Created in the Southern United States, livermush is rumored to have its roots in North Carolina. Much like scrapple, a similar mixture that uses more parts of the hog and a lesser percentage of liver, livermush supposedly became a staple during the Depression, as it was economical to make. It could also be prepared in several ways for breakfast, lunch and dinner.
For breakfast, it is typically sliced and fried in bacon grease, oil or butter. The corn meal in it makes it nicely brown in the skillet. It is traditionally served alongside eggs, grits and toast. Grape jelly is a common accompaniment. At lunch, it is often sliced and served cold on white bread with mustard or mayonnaise as a condiment. In recent years, it has been used as a pizza topping and a filling for omelets.
A related product called liver pudding has the same ingredients as livermush except for the cornmeal. It is smoother in texture and cannot be sliced. North Carolina residents claim liver pudding is made by people who live east of the Yadkin River, and people on the west of the river make livermush.

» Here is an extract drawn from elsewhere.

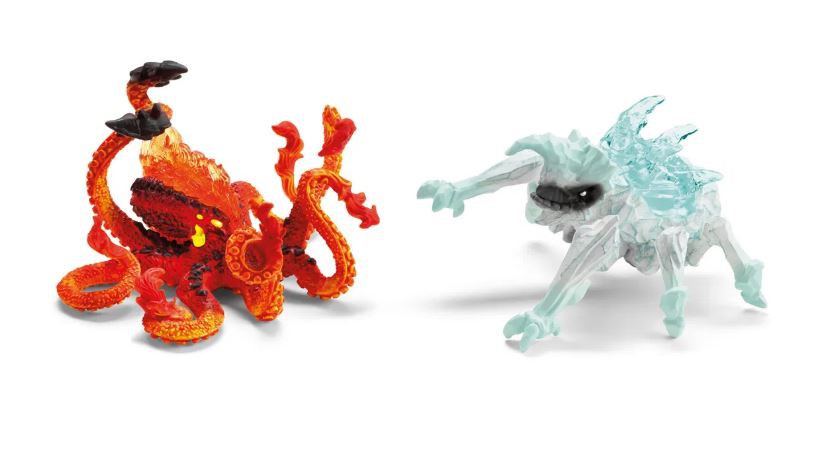 SCHLEICH ICE BUG VS FIRE KRAKEN 70826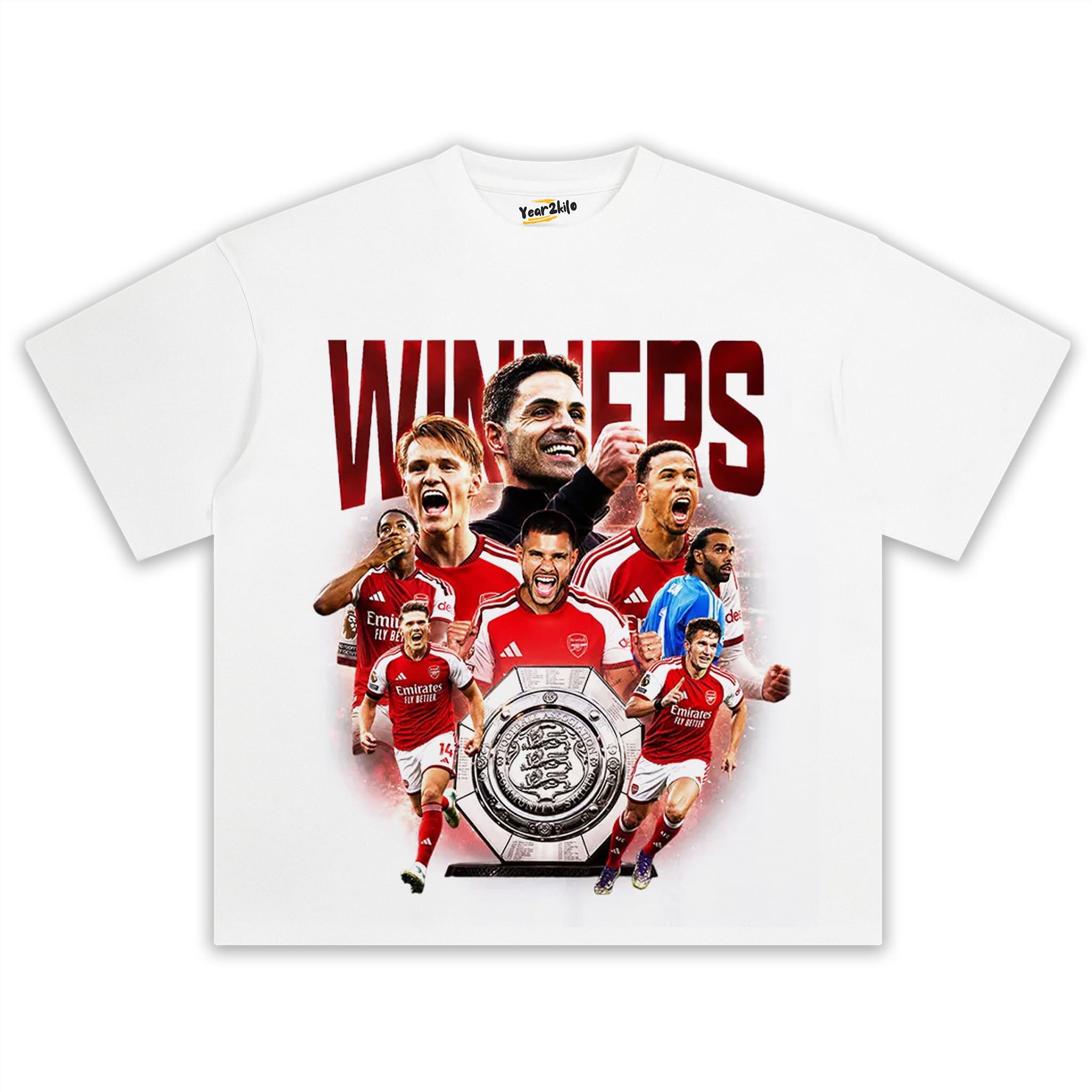 COMMUNITY SHIELD ARSENAL CHAMPION TANK TOP & TEE & LONG SLEEVE & LAYERED LS & HOODIE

Though it is not clear why North Carolina is considered the birthplace of the poor boy’s pate, several factors may have been influential. Hogs were popular livestock in North Carolina, as they flourished in the hot, humid atmosphere that cattle could not withstand. Wild pigs typically roamed the land in North Carolina and were plentiful and popular sources of food.
When farmers butchered hogs, they used every part of the animal. When it came to serving the hog’s liver, many people found the taste of the liver objectionable. To make it more palatable, it was ground up with other pig parts and mixed with corn meal and spices to make livermush.
Livermush is available today, though only a handful of companies still make it. It can be ordered online or found in the sausage or frozen food departments of some supermarkets worldwide. It is sold fresh throughout northern Virginia, North Carolina, and southern South Carolina. An annual Livermush Festival has been held in Shelby, North Carolina, since 1987.